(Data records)
◇ ◇ ◇

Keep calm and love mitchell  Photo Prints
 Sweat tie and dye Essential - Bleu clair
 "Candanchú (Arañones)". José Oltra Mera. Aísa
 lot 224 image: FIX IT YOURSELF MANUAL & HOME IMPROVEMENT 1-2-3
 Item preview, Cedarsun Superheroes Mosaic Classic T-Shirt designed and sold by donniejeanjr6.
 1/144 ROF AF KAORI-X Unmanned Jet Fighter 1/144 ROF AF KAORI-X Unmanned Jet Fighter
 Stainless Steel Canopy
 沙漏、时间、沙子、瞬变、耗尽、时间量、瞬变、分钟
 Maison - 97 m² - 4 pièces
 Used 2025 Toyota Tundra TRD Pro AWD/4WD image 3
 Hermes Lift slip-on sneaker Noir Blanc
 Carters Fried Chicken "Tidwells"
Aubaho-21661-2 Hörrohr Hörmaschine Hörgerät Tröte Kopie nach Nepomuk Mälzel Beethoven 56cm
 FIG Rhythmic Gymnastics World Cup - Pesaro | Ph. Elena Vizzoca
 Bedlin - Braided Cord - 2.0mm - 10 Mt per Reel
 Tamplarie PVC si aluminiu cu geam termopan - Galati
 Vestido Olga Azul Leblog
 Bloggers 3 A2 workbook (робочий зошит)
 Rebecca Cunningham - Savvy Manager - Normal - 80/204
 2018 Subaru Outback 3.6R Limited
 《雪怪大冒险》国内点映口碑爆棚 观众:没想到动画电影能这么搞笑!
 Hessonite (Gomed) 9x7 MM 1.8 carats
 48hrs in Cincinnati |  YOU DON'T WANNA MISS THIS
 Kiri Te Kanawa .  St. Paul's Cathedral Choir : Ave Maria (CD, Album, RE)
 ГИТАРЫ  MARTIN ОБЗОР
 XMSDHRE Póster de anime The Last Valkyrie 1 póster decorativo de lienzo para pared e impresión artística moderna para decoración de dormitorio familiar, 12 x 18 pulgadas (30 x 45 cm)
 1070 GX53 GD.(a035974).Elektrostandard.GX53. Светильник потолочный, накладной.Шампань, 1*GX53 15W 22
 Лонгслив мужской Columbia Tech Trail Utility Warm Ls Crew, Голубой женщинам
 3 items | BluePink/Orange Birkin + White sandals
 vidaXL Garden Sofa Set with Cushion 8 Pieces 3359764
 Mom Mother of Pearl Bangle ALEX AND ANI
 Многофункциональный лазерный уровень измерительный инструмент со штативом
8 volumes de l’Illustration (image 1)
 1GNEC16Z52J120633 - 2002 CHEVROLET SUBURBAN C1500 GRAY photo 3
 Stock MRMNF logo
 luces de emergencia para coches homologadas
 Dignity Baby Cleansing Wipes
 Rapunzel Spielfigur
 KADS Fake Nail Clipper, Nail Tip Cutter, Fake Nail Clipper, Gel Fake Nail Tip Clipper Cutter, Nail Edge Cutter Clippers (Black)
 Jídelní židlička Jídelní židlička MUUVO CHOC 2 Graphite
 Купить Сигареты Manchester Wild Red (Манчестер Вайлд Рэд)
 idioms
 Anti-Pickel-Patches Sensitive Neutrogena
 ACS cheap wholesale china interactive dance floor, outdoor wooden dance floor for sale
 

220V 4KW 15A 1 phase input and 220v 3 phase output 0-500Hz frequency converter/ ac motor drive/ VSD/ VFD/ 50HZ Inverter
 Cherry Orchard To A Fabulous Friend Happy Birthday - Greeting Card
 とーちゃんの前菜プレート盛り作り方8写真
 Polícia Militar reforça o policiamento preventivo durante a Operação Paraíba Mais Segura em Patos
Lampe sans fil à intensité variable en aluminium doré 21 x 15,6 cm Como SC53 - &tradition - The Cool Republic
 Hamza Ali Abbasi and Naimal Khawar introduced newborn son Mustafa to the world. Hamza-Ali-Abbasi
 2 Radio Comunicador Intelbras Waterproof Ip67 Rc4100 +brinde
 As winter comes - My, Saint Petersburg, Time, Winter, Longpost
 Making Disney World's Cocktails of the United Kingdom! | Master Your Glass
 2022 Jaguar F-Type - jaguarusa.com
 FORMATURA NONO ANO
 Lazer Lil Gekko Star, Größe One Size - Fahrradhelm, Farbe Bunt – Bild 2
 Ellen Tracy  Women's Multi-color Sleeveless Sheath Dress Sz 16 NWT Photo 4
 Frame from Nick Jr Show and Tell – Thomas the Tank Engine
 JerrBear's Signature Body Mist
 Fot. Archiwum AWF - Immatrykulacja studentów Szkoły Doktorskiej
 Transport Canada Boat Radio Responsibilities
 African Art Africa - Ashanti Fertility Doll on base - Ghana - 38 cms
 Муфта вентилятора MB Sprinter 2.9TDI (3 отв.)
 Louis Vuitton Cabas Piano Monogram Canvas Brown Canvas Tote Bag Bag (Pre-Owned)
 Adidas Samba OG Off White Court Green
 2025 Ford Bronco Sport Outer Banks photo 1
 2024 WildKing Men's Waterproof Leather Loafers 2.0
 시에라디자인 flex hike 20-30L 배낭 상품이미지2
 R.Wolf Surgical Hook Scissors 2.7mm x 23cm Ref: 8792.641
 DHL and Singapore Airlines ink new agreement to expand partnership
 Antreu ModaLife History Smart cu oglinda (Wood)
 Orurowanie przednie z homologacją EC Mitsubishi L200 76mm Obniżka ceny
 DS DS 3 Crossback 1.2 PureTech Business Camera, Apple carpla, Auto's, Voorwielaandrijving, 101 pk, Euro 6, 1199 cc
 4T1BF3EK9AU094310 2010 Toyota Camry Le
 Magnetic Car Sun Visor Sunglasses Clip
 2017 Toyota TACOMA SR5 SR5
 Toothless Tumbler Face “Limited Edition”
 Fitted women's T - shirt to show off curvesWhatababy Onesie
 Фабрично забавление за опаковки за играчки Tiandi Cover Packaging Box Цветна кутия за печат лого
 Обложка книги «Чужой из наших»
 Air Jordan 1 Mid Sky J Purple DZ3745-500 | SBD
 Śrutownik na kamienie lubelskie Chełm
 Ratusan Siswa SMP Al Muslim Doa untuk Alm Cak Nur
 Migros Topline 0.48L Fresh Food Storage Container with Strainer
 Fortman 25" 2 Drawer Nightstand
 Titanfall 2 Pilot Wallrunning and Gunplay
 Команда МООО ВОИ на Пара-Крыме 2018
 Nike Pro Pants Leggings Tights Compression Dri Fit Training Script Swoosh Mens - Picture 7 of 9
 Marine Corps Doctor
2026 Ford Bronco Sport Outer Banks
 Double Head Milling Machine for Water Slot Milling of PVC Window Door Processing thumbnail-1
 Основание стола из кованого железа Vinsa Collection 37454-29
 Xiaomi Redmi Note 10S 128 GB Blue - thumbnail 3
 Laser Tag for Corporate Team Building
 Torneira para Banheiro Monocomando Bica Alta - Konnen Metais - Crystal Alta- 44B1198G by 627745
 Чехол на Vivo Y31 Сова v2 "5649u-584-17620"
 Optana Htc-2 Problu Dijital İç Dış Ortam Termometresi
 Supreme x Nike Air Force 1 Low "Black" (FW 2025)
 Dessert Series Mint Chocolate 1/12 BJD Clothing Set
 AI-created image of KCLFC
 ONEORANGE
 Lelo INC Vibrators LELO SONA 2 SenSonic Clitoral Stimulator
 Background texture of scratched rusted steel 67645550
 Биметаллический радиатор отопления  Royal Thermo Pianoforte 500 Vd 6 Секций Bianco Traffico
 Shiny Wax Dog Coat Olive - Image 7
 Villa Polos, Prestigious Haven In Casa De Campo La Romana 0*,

◇ ◇ ◇

* [HOW TO COMPLETE THIS TASK]
Write out every entry again exactly, please, with nothing missing.

* [EXERCISE SOLUTION]
Keep calm and love mitchell  Photo Prints
 Sweat tie and dye Essential - Bleu clair
 "Candanchú (Arañones)". José Oltra Mera. Aísa
 lot 224 image: FIX IT YOURSELF MANUAL & HOME IMPROVEMENT 1-2-3
 Item preview, Cedarsun Superheroes Mosaic Classic T-Shirt designed and sold by donniejeanjr6.
 1/144 ROF AF KAORI-X Unmanned Jet Fighter 1/144 ROF AF KAORI-X Unmanned Jet Fighter
 Stainless Steel Canopy
 沙漏、时间、沙子、瞬变、耗尽、时间量、瞬变、分钟
 Maison - 97 m² - 4 pièces
 Used 2025 Toyota Tundra TRD Pro AWD/4WD image 3
 Hermes Lift slip-on sneaker Noir Blanc
 Carters Fried Chicken "Tidwells"
Aubaho-21661-2 Hörrohr Hörmaschine Hörgerät Tröte Kopie nach Nepomuk Mälzel Beethoven 56cm
 FIG Rhythmic Gymnastics World Cup - Pesaro | Ph. Elena Vizzoca
 Bedlin - Braided Cord - 2.0mm - 10 Mt per Reel
 Tamplarie PVC si aluminiu cu geam termopan - Galati
 Vestido Olga Azul Leblog
 Bloggers 3 A2 workbook (робочий зошит)
 Rebecca Cunningham - Savvy Manager - Normal - 80/204
 2018 Subaru Outback 3.6R Limited
 《雪怪大冒险》国内点映口碑爆棚 观众:没想到动画电影能这么搞笑!
 Hessonite (Gomed) 9x7 MM 1.8 carats
 48hrs in Cincinnati |  YOU DON'T WANNA MISS THIS
 Kiri Te Kanawa .  St. Paul's Cathedral Choir : Ave Maria (CD, Album, RE)
 ГИТАРЫ  MARTIN ОБЗОР
 XMSDHRE Póster de anime The Last Valkyrie 1 póster decorativo de lienzo para pared e impresión artística moderna para decoración de dormitorio familiar, 12 x 18 pulgadas (30 x 45 cm)
 1070 GX53 GD.(a035974).Elektrostandard.GX53. Светильник потолочный, накладной.Шампань, 1*GX53 15W 22
 Лонгслив мужской Columbia Tech Trail Utility Warm Ls Crew, Голубой женщинам
 3 items | BluePink/Orange Birkin + White sandals
 vidaXL Garden Sofa Set with Cushion 8 Pieces 3359764
 Mom Mother of Pearl Bangle ALEX AND ANI
 Многофункциональный лазерный уровень измерительный инструмент со штативом
8 volumes de l’Illustration (image 1)
 1GNEC16Z52J120633 - 2002 CHEVROLET SUBURBAN C1500 GRAY photo 3
 Stock MRMNF logo
 luces de emergencia para coches homologadas
 Dignity Baby Cleansing Wipes
 Rapunzel Spielfigur
 KADS Fake Nail Clipper, Nail Tip Cutter, Fake Nail Clipper, Gel Fake Nail Tip Clipper Cutter, Nail Edge Cutter Clippers (Black)
 Jídelní židlička Jídelní židlička MUUVO CHOC 2 Graphite
 Купить Сигареты Manchester Wild Red (Манчестер Вайлд Рэд)
 idioms
 Anti-Pickel-Patches Sensitive Neutrogena
 ACS cheap wholesale china interactive dance floor, outdoor wooden dance floor for sale
 

220V 4KW 15A 1 phase input and 220v 3 phase output 0-500Hz frequency converter/ ac motor drive/ VSD/ VFD/ 50HZ Inverter
 Cherry Orchard To A Fabulous Friend Happy Birthday - Greeting Card
 とーちゃんの前菜プレート盛り作り方8写真
 Polícia Militar reforça o policiamento preventivo durante a Operação Paraíba Mais Segura em Patos
Lampe sans fil à intensité variable en aluminium doré 21 x 15,6 cm Como SC53 - &tradition - The Cool Republic
 Hamza Ali Abbasi and Naimal Khawar introduced newborn son Mustafa to the world. Hamza-Ali-Abbasi
 2 Radio Comunicador Intelbras Waterproof Ip67 Rc4100 +brinde
 As winter comes - My, Saint Petersburg, Time, Winter, Longpost
 Making Disney World's Cocktails of the United Kingdom! | Master Your Glass
 2022 Jaguar F-Type - jaguarusa.com
 FORMATURA NONO ANO
 Lazer Lil Gekko Star, Größe One Size - Fahrradhelm, Farbe Bunt – Bild 2
 Ellen Tracy  Women's Multi-color Sleeveless Sheath Dress Sz 16 NWT Photo 4
 Frame from Nick Jr Show and Tell – Thomas the Tank Engine
 JerrBear's Signature Body Mist
 Fot. Archiwum AWF - Immatrykulacja studentów Szkoły Doktorskiej
 Transport Canada Boat Radio Responsibilities
 African Art Africa - Ashanti Fertility Doll on base - Ghana - 38 cms
 Муфта вентилятора MB Sprinter 2.9TDI (3 отв.)
 Louis Vuitton Cabas Piano Monogram Canvas Brown Canvas Tote Bag Bag (Pre-Owned)
 Adidas Samba OG Off White Court Green
 2025 Ford Bronco Sport Outer Banks photo 1
 2024 WildKing Men's Waterproof Leather Loafers 2.0
 시에라디자인 flex hike 20-30L 배낭 상품이미지2
 R.Wolf Surgical Hook Scissors 2.7mm x 23cm Ref: 8792.641
 DHL and Singapore Airlines ink new agreement to expand partnership
 Antreu ModaLife History Smart cu oglinda (Wood)
 Orurowanie przednie z homologacją EC Mitsubishi L200 76mm Obniżka ceny
 DS DS 3 Crossback 1.2 PureTech Business Camera, Apple carpla, Auto's, Voorwielaandrijving, 101 pk, Euro 6, 1199 cc
 4T1BF3EK9AU094310 2010 Toyota Camry Le
 Magnetic Car Sun Visor Sunglasses Clip
 2017 Toyota TACOMA SR5 SR5
 Toothless Tumbler Face “Limited Edition”
 Fitted women's T - shirt to show off curvesWhatababy Onesie
 Фабрично забавление за опаковки за играчки Tiandi Cover Packaging Box Цветна кутия за печат лого
 Обложка книги «Чужой из наших»
 Air Jordan 1 Mid Sky J Purple DZ3745-500 | SBD
 Śrutownik na kamienie lubelskie Chełm
 Ratusan Siswa SMP Al Muslim Doa untuk Alm Cak Nur
 Migros Topline 0.48L Fresh Food Storage Container with Strainer
 Fortman 25" 2 Drawer Nightstand
 Titanfall 2 Pilot Wallrunning and Gunplay
 Команда МООО ВОИ на Пара-Крыме 2018
 Nike Pro Pants Leggings Tights Compression Dri Fit Training Script Swoosh Mens - Picture 7 of 9
 Marine Corps Doctor
2026 Ford Bronco Sport Outer Banks
 Double Head Milling Machine for Water Slot Milling of PVC Window Door Processing thumbnail-1
 Основание стола из кованого железа Vinsa Collection 37454-29
 Xiaomi Redmi Note 10S 128 GB Blue - thumbnail 3
 Laser Tag for Corporate Team Building
 Torneira para Banheiro Monocomando Bica Alta - Konnen Metais - Crystal Alta- 44B1198G by 627745
 Чехол на Vivo Y31 Сова v2 "5649u-584-17620"
 Optana Htc-2 Problu Dijital İç Dış Ortam Termometresi
 Supreme x Nike Air Force 1 Low "Black" (FW 2025)
 Dessert Series Mint Chocolate 1/12 BJD Clothing Set
 AI-created image of KCLFC
 ONEORANGE
 Lelo INC Vibrators LELO SONA 2 SenSonic Clitoral Stimulator
 Background texture of scratched rusted steel 67645550
 Биметаллический радиатор отопления  Royal Thermo Pianoforte 500 Vd 6 Секций Bianco Traffico
 Shiny Wax Dog Coat Olive - Image 7
 Villa Polos, Prestigious Haven In Casa De Campo La Romana 0*,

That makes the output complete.